One example of this is the duality of covering spaces and subgroups of $\pi_1$.
Covering spaces of $X$ (up to isomorphism) are in bijection with subgroups of $\pi_1 X$ (up to conjugacy)!
This happens since if $Y$ covers $X$, then $\pi_1 Y$ is a subgroup of $\pi_1 X$.
Moreover, this correspondence is "direction reversing" in the sense that bigger covering spaces correspond to smaller subgroups (notice this makes sense, since the universal cover corresponds to the trivial subgroup)
Formally, say $X_1$ and $X_2$, covering spaces of $X$, correspond to $H_1$ and $H_2$, subgroups of $\pi_1 X$.

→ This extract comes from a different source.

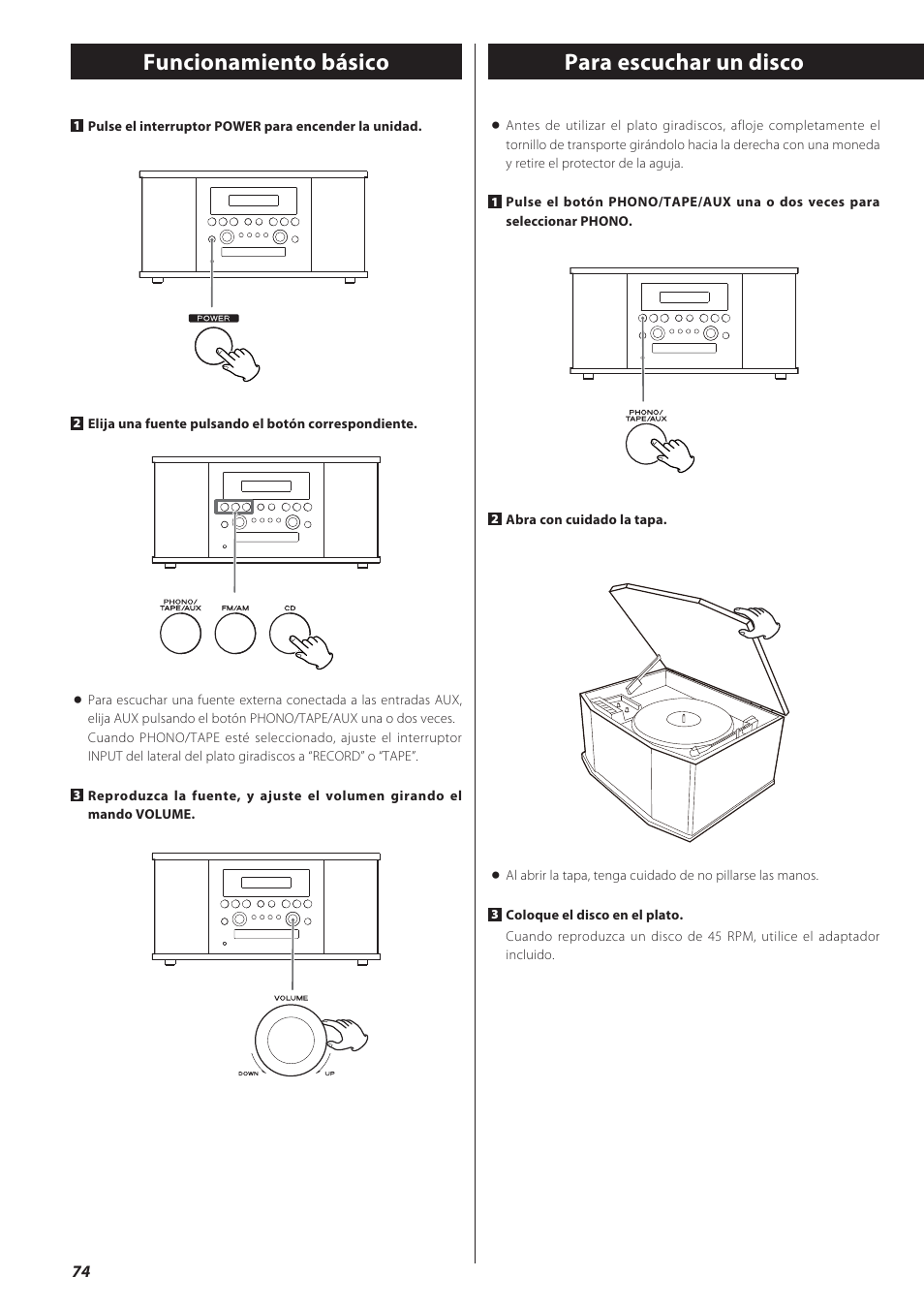 Funcionamiento básico, Para escuchar un disco, Funcionamiento básico para escuchar un disco | Teac GF-550 User Manual | Page 74 / 96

Then $X_1$ covers $X_2$ if and only if $H_1 \leq H_2$
Now, you're given a space $X$ where $\pi_1 X = \mathbb{Z}$. So we have a very good understanding of the subgroups of $\pi_1 X$! That means, using this correspondence, we must have a very good understanding of the covering spaces of $X$!
This is remarkable, since covering spaces are extremely complicated objects, but we can understand them by simply looking at subgroups of $\mathbb{Z}$, which are classified by natural numbers!
So then, with all this in mind, here's a hint for solving your problem:
We know that $X_1$ and $X_2$ cover $X$. So $\pi_1 X_1 = m \mathbb{Z}$ and $\pi_1 X_2 = n \mathbb{Z}$ are subgroups of $\mathbb{Z}$.
We want to find a space $Y$ which covers $X_1$ and $X_2$. But by our (direction reversing!) correspondence, it suffices to construct a subgroup of $\mathbb{Z}$ which is contained in both $m \mathbb{Z}$ and $n \mathbb{Z}$. Asking that $Y$ not be simply connected is asking that this subgroup is nontrivial.
Can you find such a subgroup?
Once you have a subgroup $H$, we can construct the space $Y$ by looking at $\widetilde{X} \big / H$. That is, take the universal cover of $X$, and quotient out by the natural action of $H$ on it. You can find more details about this construction here, for instance.
I hope this helps ^_^
Best Answer
$S^1$ is the quotient of $R$ by $f(x)=x+1$, $Z/2$ acts on $S^1$ by the action induced by the translation $g(x)=x+1/2$ and the quotient of this action is still $S^1$.